Loyal readers of Rustbelt Intellectual, I'm still alive but maddeningly busy. It's the time of year when I have a zillion letters of recommendation, several tenure reviews, and lots of other obligations. Throw in two back-to-back conferences, a whole new lecture course to write, and a once-weekly day-and-a-half long trip to Beantown, where I'm teaching a course on urban planning, and my free time gone the way of the industrial economy of Detroit: dwindling fast.

But I do have to put in a few words from Boston. In the early 1970s, Boston ranked up there by every measure as one of the handful of most distressed cities in the United States, right along with Gary, Newark, St. Louis, and Detroit. Boston's manufacturing base had been declining since the 1920s. Its working-class white population was relatively immobile and very turf-conscious. The city was wracked with racial tumult over neighborhood change and especially busing. Its harbor was as polluted as Lake Erie and if it weren't replenished by the tide, it would have probably burned like the Cuyahoga River.
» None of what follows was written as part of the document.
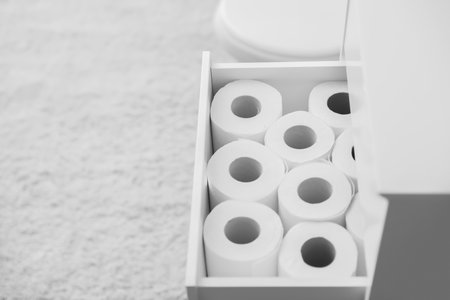 Open cabinet drawer with toilet paper rolls in bathroom. Space for textの写真素材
To top that off, its housing stock was (and is) pretty lousy. Lots of cheaply built wood frame houses and the vernacular "triple-decker"--one family per floor don't make for a vital urban housing market.

Yet in just a few decades, Boston turned around. Its prominence as an educational center (Harvard, MIT, Boston University, and Boston College, among others) positioned it well to take advantage of the new economy. The universities provided seed money for high tech and biotech industries that lifted it high (other Rustbelt cities rely heavily on meds and eds, but few have such a deep base in research and development). Its old neighborhoods, only partially plundered by urban renewal, appealed to historic preservationists and gentrifiers. And, while Boston was ravaged by racial tensions, it's a much whiter city than many of its northeastern and midwestern counterparts. That has ultimately made it more appealing for commercial investors and real estate developers. Together, all of these factors, along with good infrastructure (especially an excellent public transit system), gave Boston a base for revitalization.

There's one lesson for those who look with despair onto decaying Rustbelt cities. All are not without hope. The ups and downs of metropolitan America cannot be predicted with certainty. If you had asked any well-informed urbanist in 1970 whether Boston would be one of the most prosperous metros in the US in the early 21st century, he or she would have dismissed your question out-of-hand with a sneer.

Off to the airport (not one of the better airports in the US, especially for a city of Boston's importance). But I get to travel underground, through the massively expensive, corruption-riddled, and sometimes dangerous, but still truly fabulous tunnels of the "Big Dig," a reminder that even with unexpected twists and turns, big city construction projects can really work--and can really make a big difference in improving urban life.